Output exactly, please, the lines of the records below from the one containing "In-App Communication app" through the final line.
*** Entries provided Section Begins ***
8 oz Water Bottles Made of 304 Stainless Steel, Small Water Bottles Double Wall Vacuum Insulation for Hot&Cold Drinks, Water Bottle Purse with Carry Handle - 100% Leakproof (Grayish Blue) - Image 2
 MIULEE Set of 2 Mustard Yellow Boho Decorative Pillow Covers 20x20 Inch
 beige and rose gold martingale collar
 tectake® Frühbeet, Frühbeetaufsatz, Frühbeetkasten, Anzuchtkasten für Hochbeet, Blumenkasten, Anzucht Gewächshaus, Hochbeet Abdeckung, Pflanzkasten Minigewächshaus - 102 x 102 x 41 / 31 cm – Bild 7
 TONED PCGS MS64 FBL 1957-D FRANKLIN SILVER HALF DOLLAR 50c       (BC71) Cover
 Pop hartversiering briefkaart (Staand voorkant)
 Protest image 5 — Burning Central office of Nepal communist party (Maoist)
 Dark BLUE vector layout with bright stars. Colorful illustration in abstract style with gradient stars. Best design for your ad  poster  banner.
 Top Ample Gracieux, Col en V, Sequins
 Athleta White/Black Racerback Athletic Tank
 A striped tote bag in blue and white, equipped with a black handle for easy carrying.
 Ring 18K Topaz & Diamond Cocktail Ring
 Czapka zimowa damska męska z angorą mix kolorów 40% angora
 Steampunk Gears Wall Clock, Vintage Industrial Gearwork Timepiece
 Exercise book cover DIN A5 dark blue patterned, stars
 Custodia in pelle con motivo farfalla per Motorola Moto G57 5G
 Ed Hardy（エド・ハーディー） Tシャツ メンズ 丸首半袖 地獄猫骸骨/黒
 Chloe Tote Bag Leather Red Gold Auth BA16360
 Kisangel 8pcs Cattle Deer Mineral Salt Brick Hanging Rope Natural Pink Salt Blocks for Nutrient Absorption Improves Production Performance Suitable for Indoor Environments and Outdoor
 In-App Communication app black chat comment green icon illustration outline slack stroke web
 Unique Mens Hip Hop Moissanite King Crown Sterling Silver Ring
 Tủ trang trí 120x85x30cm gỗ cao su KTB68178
*** Entries provided Section Ends ***
Written response
 In-App Communication app black chat comment green icon illustration outline slack stroke web
 Unique Mens Hip Hop Moissanite King Crown Sterling Silver Ring
 Tủ trang trí 120x85x30cm gỗ cao su KTB68178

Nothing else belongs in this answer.